Dataset:
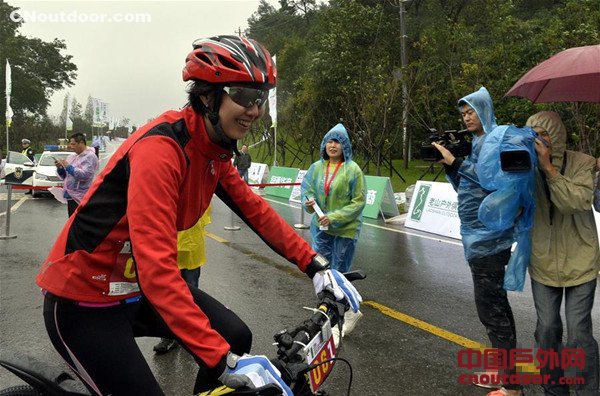 2016南京老山有氧三项名人挑战赛举行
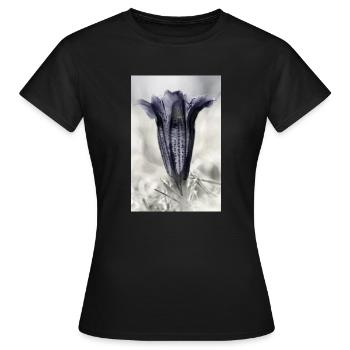 Enzian im Detail - Frauen T-Shirt - Schwarz - Vorne - AI Model Female 172 dark (172cm)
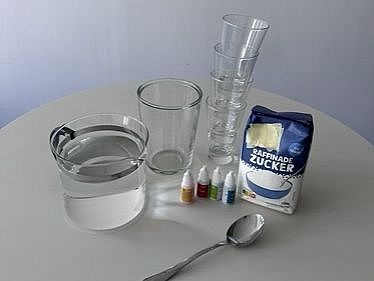 Material Experiment des Monats:: Regenbogen im Glas (Farbe, Gläser, Wasser, Löffel, Zucker)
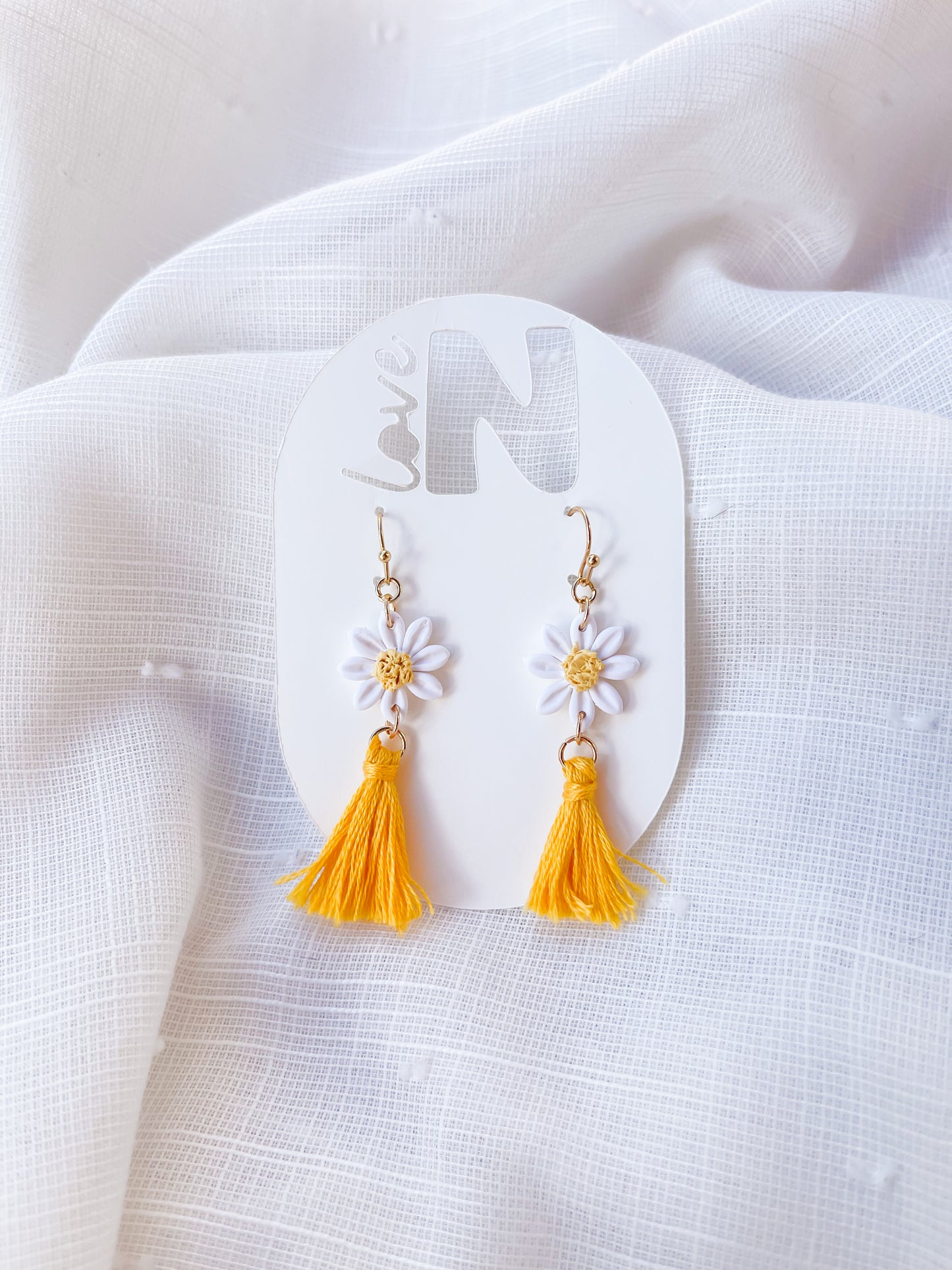 Daisy Tassels
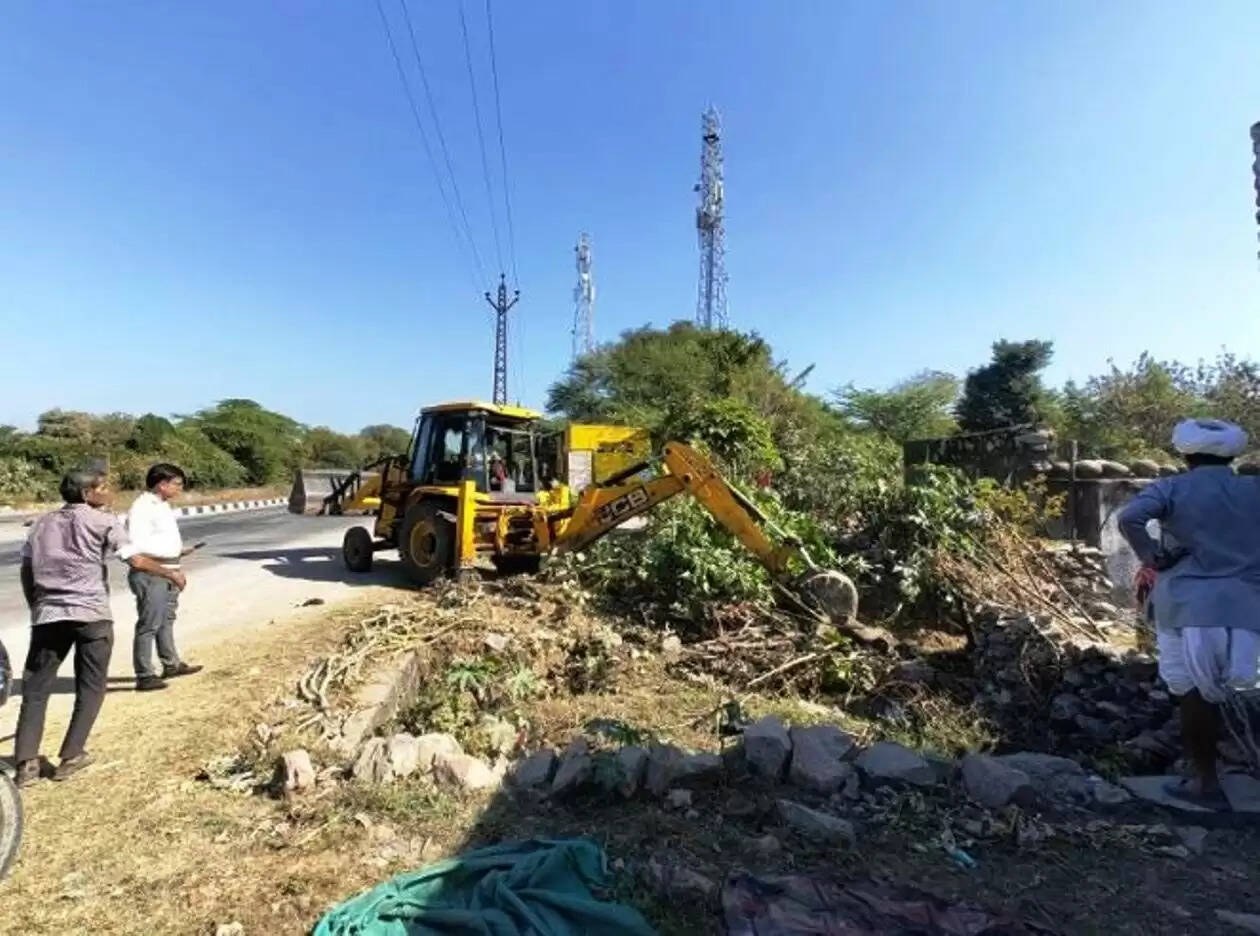 Encroachment removed from Mavli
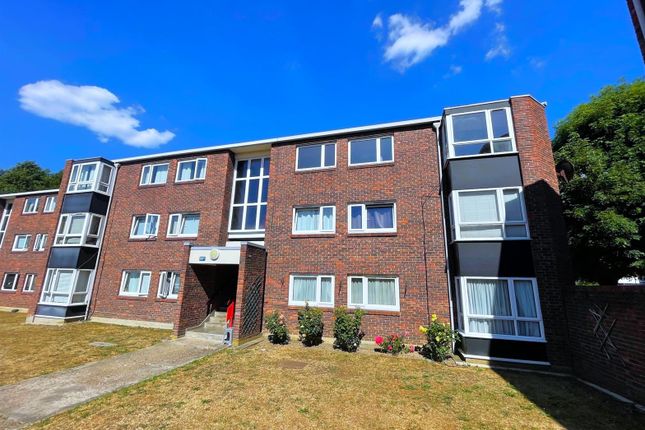 Sheldrick Close, Colliers Wood SW19 2 bed flat for sale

Work request:
Print the records exactly, every one. Leave out the pictures.

Result below:
 2016南京老山有氧三项名人挑战赛举行
 Enzian im Detail - Frauen T-Shirt - Schwarz - Vorne - AI Model Female 172 dark (172cm)
 Material Experiment des Monats:: Regenbogen im Glas (Farbe, Gläser, Wasser, Löffel, Zucker)
 Daisy Tassels
 Encroachment removed from Mavli
 Sheldrick Close, Colliers Wood SW19 2 bed flat for sale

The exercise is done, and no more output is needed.